Race day dawned overcast and broody, but with enough of a promise the rain would hold off. From very early in the morning the crowds began to gather and, my didn't the Blue Waters Hotel do well.

Right opposite the hairpin at the end of the straight its balconies were bulging with race fans. On the beach side of the casino hundreds of fans waited patiently in line to cross the bridge over he track to their pit-view grandstand and even the 2 500 security people seemed to be in good spirits.

Despite managing only 18th quickest in the warmup, Stephen Simpson was the coolest person the Team RSA pits where team boss Mike Carroll and his technicians were buries knee-deep in computers trying to figure out the optimum settings for the young racer.

"Sorry, things are a tad hectic here right now," said the affable young driver, breaking off almost immediately to answer a question from "The Chief", Tokyo Sexwale, who was obviously revelling in the glare of the publicity generated by his home race.

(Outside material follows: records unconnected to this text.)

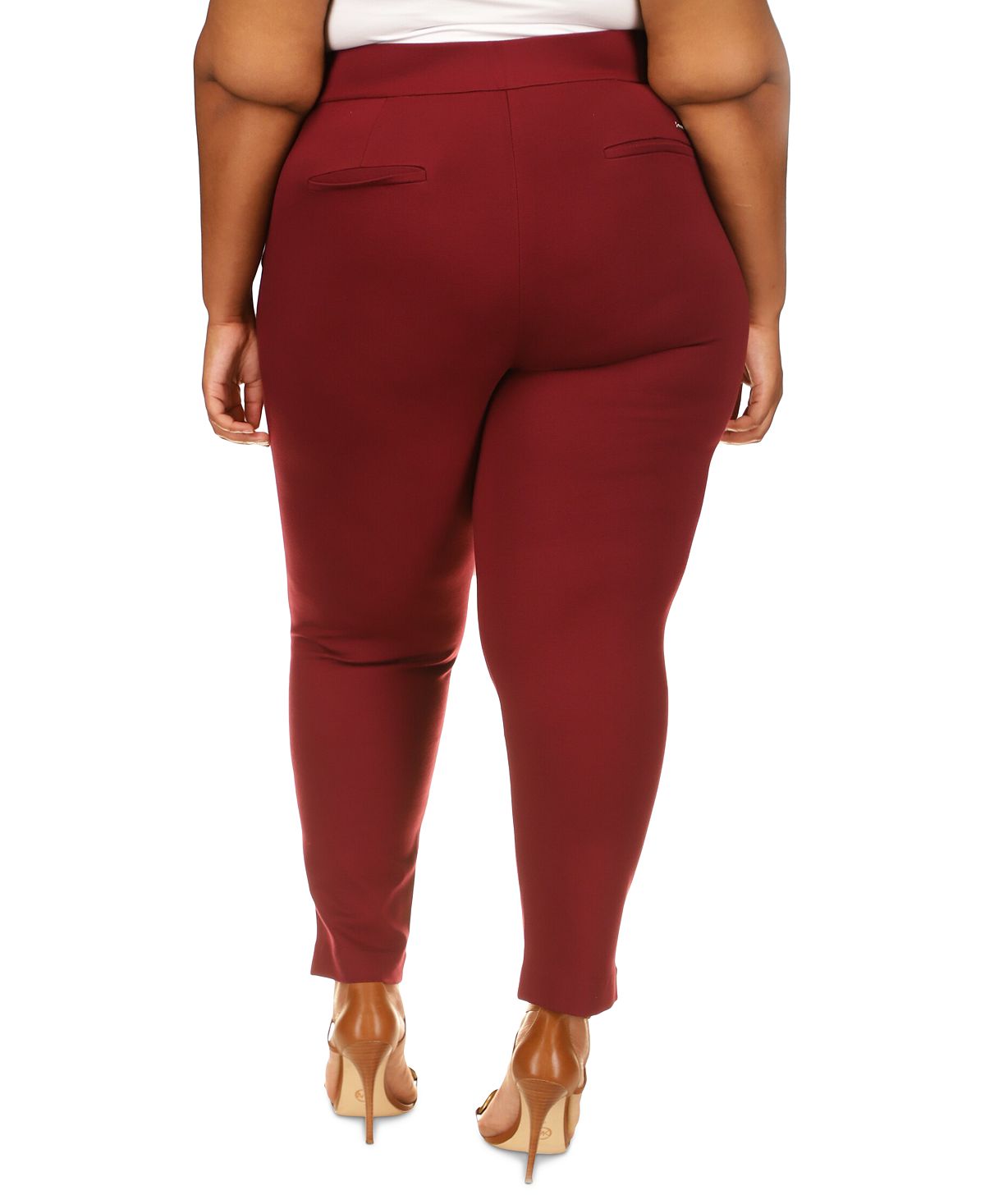 Michael Kors Women's Solid Full Length Pull On Trousers Red Size 3X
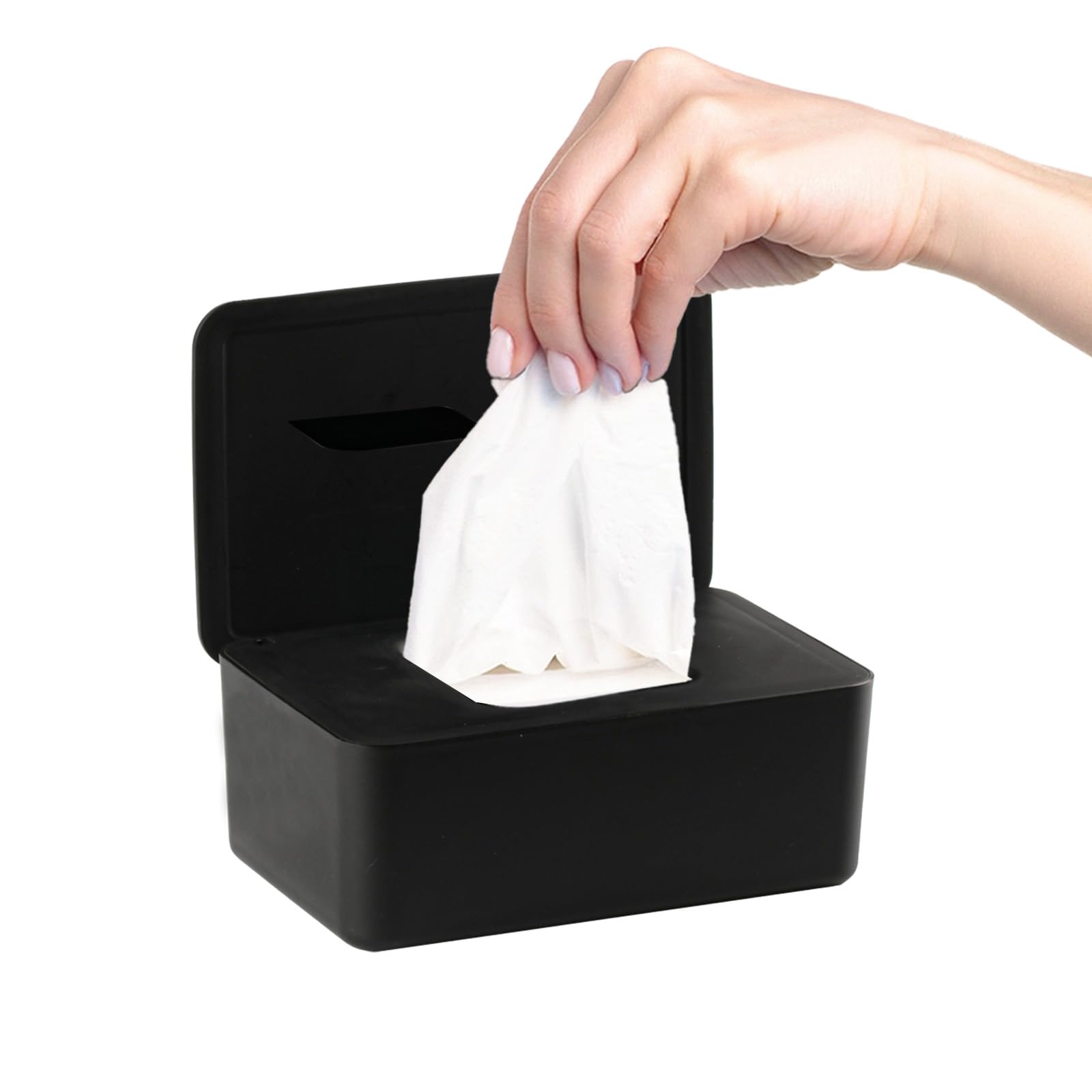 QBXMY7 1 Pcs Diaper Wipes Dispenser, Refillable Wipe Container, Wipe Container with Sealing Design Lid, Keep Wipes Fresh,Wet Wipes Cases (Black)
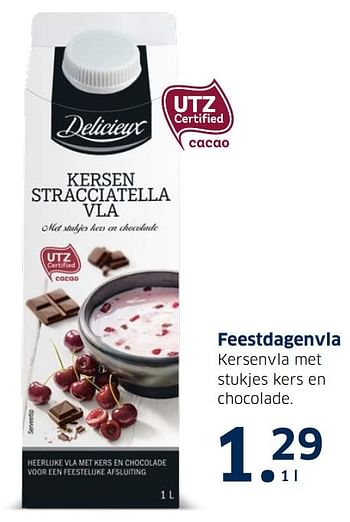 Aanbiedingen Feestdagenvla - Delicieux - Geldig van 13/12/2016 tot 31/12/2016 bij Lidl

Another person not unused to public scrutiny was President Thabo Mbeki who made a point of making his way his down the pit lane before the start of the feature race to meet the South African team personnel, saying: "We're behind you South Africa."

Emerson Fittipaldi, himself no stranger to the country or racing here, was all smiles as he looked at the crowded stands and said: "It was so good to see the people standing up waiting for the start of the race. This excitement should be the emotion of every A1 race."

The records will show the Sprint race was not good for Simpson and the Team SA car - now sporting Telkom livery in addition to the Absa colours - developed an electrical problem that put him in the pits for five laps, earning himself a huge roar of approval from the crowd when he went back onto the circuit to secure a grid place, albeit last, for the Feature race.

Keeping out of trouble he made up places when others failed in the Feature race and came home a more than creditable fifth in a race dominated by the last lap 'do or die' manoeuvre by Jos Verstappen who won for the Netherlands.

Was the A1 GP of Nations in Durban worth it? Unquestionably yes. It was a great day for motor racing, a better day for South Africa and sealed with approval of the President himself.

And now, it's just looking forward to doing it on a Durban street again next year.